[Short text fragments from websites]
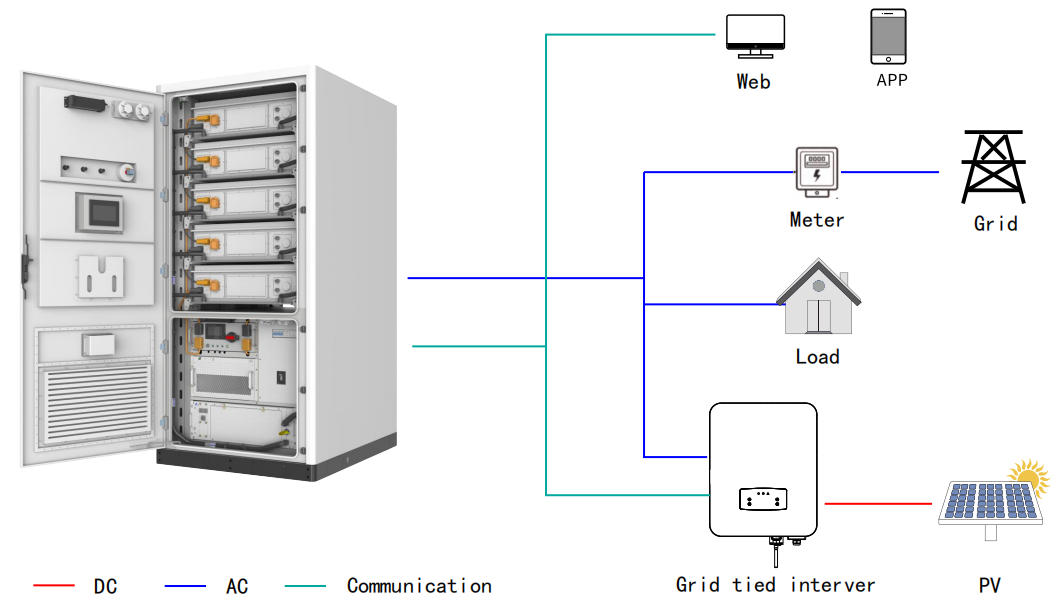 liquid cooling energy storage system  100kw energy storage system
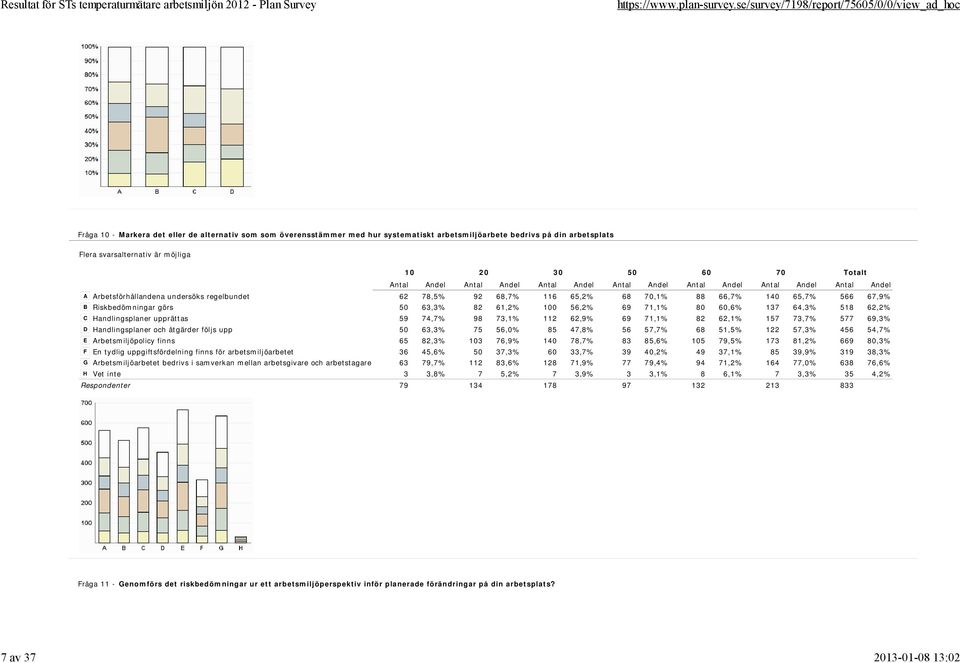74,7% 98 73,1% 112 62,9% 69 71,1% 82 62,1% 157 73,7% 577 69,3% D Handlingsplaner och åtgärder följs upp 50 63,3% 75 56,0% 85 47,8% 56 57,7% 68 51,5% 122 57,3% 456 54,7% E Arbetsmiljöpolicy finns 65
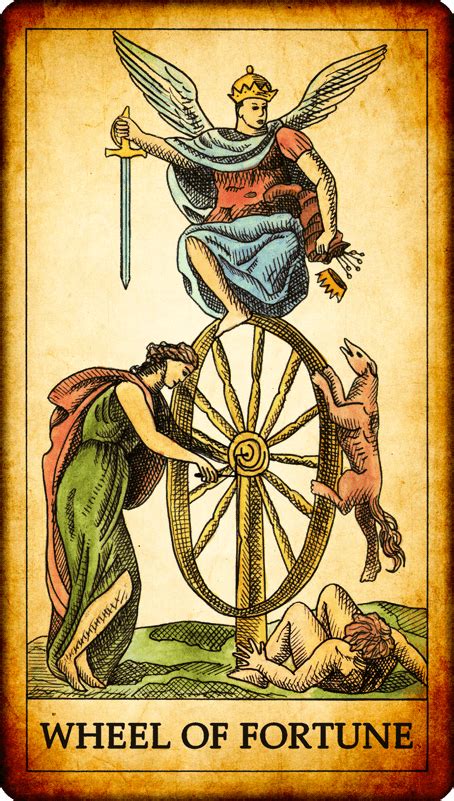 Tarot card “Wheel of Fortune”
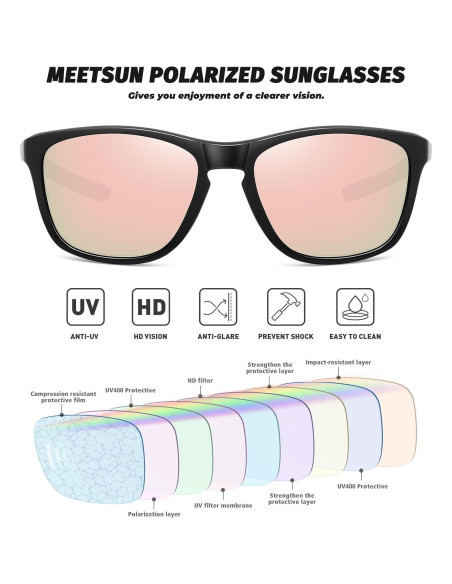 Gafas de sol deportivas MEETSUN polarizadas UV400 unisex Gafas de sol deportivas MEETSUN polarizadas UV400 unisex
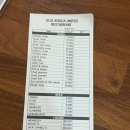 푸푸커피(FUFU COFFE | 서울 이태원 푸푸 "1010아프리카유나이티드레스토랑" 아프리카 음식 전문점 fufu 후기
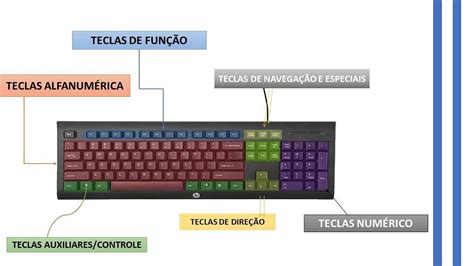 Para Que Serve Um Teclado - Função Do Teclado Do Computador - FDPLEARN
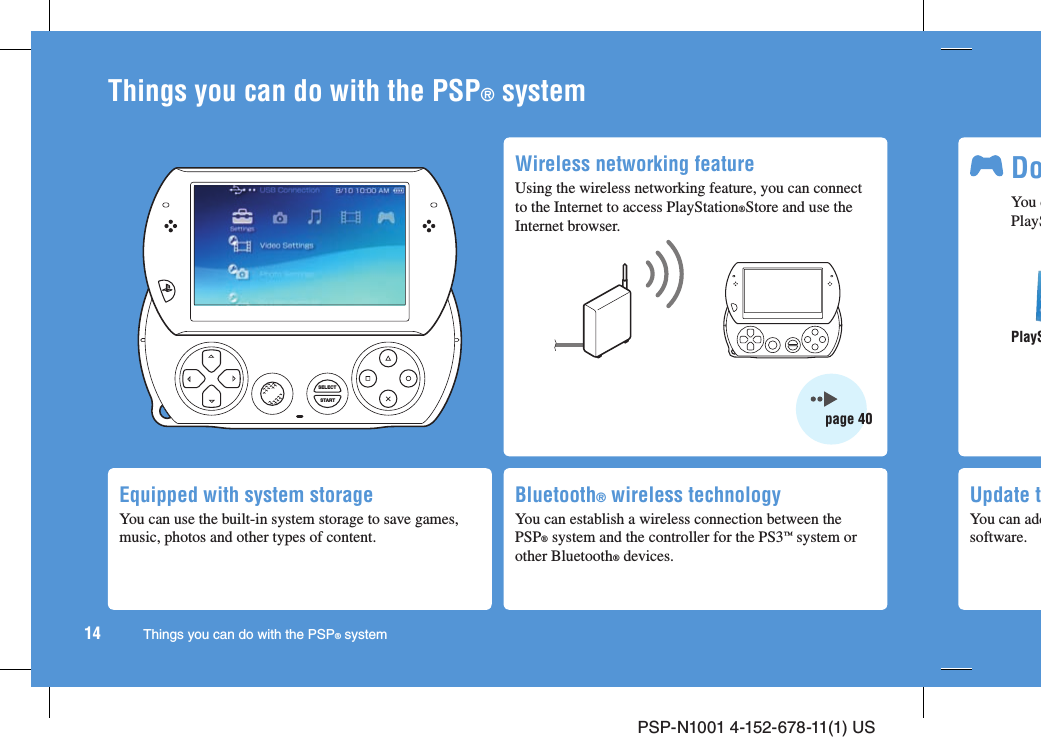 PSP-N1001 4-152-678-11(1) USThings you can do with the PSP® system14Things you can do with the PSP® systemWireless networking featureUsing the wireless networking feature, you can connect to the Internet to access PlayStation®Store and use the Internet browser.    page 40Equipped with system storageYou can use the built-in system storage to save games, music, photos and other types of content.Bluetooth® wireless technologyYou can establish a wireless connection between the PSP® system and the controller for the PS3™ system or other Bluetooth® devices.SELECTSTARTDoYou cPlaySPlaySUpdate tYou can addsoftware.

To do: The lines from the start of the records above through the line that holds "Para Que Serve" are to be copied exactly, both ends included, and no pictures are to be copied.

Your response:
 liquid cooling energy storage system  100kw energy storage system
74,7% 98 73,1% 112 62,9% 69 71,1% 82 62,1% 157 73,7% 577 69,3% D Handlingsplaner och åtgärder följs upp 50 63,3% 75 56,0% 85 47,8% 56 57,7% 68 51,5% 122 57,3% 456 54,7% E Arbetsmiljöpolicy finns 65
 Tarot card “Wheel of Fortune”
 Gafas de sol deportivas MEETSUN polarizadas UV400 unisex Gafas de sol deportivas MEETSUN polarizadas UV400 unisex
 푸푸커피(FUFU COFFE | 서울 이태원 푸푸 "1010아프리카유나이티드레스토랑" 아프리카 음식 전문점 fufu 후기
 Para Que Serve Um Teclado - Função Do Teclado Do Computador - FDPLEARN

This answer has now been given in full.